帕雷萨的表情看起来倒不是觉得有多疼——他和赫莫斯对视着,泪水尚且挂在面颊上,表情从悲痛变成震惊,从震惊变成戒备。
赫莫斯收回了手。
“我好失望啊,”赫莫斯的声音在墓室里激起回音,“你一点都不高兴。”
“你为什么——”
“没死?你忘了,我是不朽的半神啊。”
帕雷萨怔怔地看着他。
第七感到梦开始有了裂痕。第四稳住了梦。
“别急着醒过来啊,”赫莫斯伸出手勾住帕雷萨的下巴,“醒过来去见那个傻乎乎的我吗?哦——多么乏味,什么都不懂的小傻瓜,你和它话不投机半句多……”
“和你也不怎么投机。”帕雷萨冷冷地说,“你也没比它聪明到哪儿去。
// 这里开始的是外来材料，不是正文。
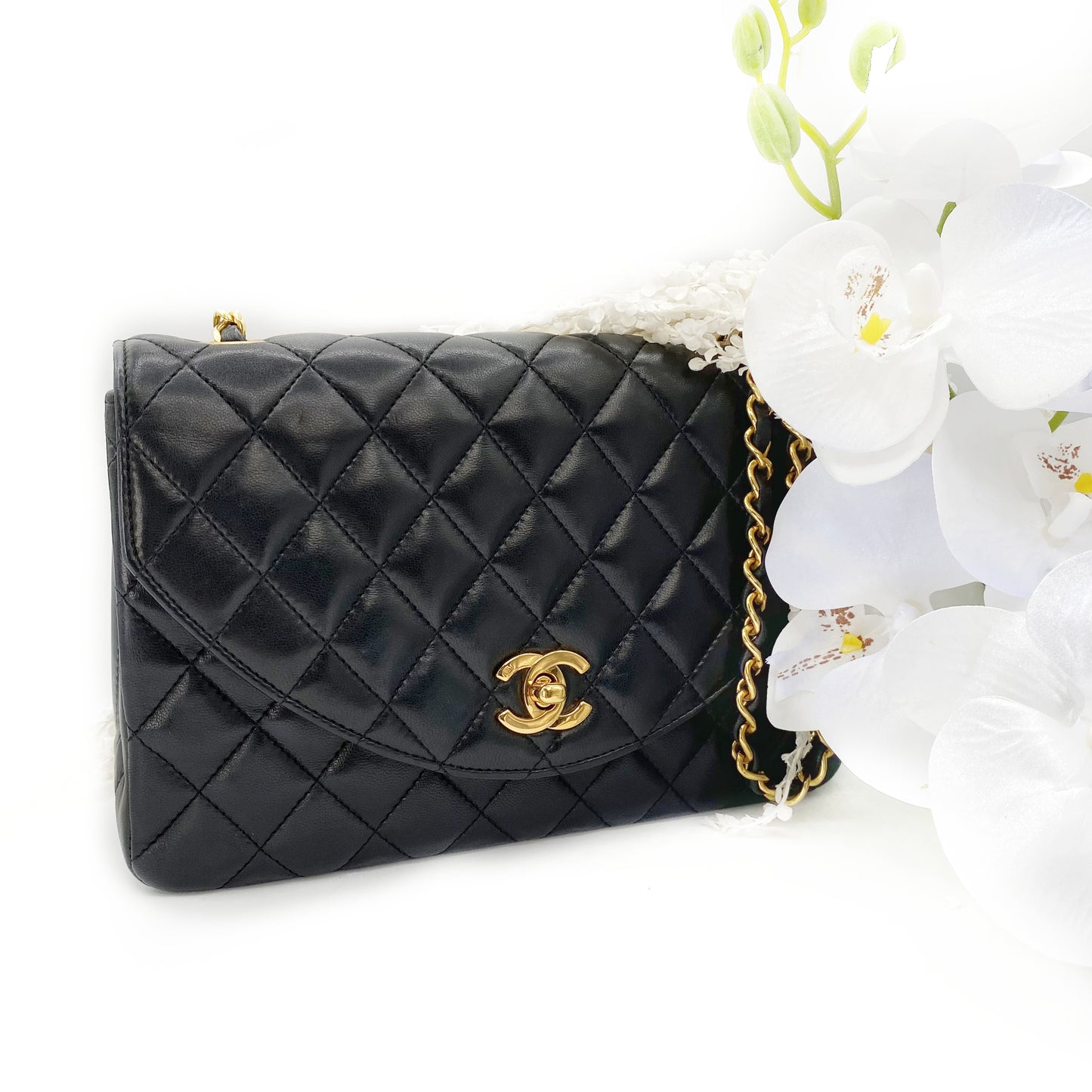 Julio, Vintage Authentic Chanel 1 series matelasse half moon chain black lambskin with seal and card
”
“在你的梦里,我就变得聪明了。”这个赫莫斯说,他翻出棺椁,坐在石台变,两手搭着帕雷萨的肩膀,“白塔法师死了,小法师太年轻了,龙王和你迥然不同,塔姆林——哦,他根本不算你的朋友,情敌还差不多……”他一个名字一个名字数过去,“你有那么多苦恼,却没有一个可以诉说的人——”
“不需要。”帕雷萨说。
“你需要,”赫莫斯说,“不然你为什么要在梦里安排我这么说?”
第七仰头看看第四,第四向它笑笑。